Rebecca is currently a member of the Rhode Island Philharmonic Orchestra and performs with Opera Boston, the Chamber Orchestra of Boston, the Boston Modern Orchestra Project and Cantata Singers. She has appeared as a chamber musician with Lyrica Boston, Lyrica Chamber Music in New Jersey, the Suzuki School of Newton’s Artist Concert Series, the New Gallery Concert Series, The Radius Ensemble, The Firebird Ensemble and the Worcester Chamber Music Society. In addition to her private teaching studio, she is on the chamber music faculty of the New England Conservatory Preparatory Division and an adjunct professor of cello at Wellesley College.
Her teaching experience includes work with the MusiCorps Program through the Civic Orchestra of Chicago, the Midori Foundation in New York, outreach programs with the New World Symphony and Chamber Music America’s Rural Residency Program and as Adjunct Professor of Cello at Rhode Island College.

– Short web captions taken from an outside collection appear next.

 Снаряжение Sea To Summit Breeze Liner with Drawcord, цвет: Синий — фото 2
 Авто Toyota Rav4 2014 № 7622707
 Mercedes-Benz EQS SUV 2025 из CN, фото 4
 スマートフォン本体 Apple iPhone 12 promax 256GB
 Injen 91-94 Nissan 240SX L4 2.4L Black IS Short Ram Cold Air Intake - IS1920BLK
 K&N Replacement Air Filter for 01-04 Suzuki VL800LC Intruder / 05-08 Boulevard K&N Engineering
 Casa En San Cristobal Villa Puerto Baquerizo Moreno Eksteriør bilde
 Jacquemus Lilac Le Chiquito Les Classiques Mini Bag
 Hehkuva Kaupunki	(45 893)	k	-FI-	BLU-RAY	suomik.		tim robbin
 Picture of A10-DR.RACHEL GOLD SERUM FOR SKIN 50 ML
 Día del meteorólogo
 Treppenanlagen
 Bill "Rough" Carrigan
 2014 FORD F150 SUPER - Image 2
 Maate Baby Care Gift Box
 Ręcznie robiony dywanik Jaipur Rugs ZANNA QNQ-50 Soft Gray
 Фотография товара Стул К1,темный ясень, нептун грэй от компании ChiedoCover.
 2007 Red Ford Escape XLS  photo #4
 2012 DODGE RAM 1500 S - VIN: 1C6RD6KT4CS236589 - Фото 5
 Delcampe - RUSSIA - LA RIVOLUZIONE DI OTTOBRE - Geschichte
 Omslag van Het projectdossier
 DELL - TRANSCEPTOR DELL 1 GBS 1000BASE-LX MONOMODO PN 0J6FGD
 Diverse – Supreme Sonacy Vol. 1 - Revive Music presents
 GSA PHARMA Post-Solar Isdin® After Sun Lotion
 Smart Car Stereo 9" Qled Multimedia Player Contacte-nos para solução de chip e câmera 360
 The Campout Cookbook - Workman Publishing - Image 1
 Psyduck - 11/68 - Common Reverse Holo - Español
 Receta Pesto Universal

Rebecca Thornblade is a grand prize winner of the Fischoff National Chamber Music Competition and the Chamber Music Yellow Springs Competition, and has had an active and versatile career as a chamber music and orchestral cellist. Ms. Thornblade has played with many ensembles throughout the country which include the award-winning Fry Street and Avalon quartets and as principal cellist of the New World Symphony in Miami and the Civic Orchestra of Chicago. She has participated in the Aspen Music Festival Advanced Quartet Studies Program, Chamber Music Encounters in Jerusalem with Isaac Stern, the Pacific Music Festival in Sapporo,Japan, the Britt Festival in Oregon, the Colorado Music Festival, the Spoleto Festival U.S.A., the Norfolk Chamber Music Festival, the Tanglewood Fellowship Program, the Sarasota Chamber Music Festival among others.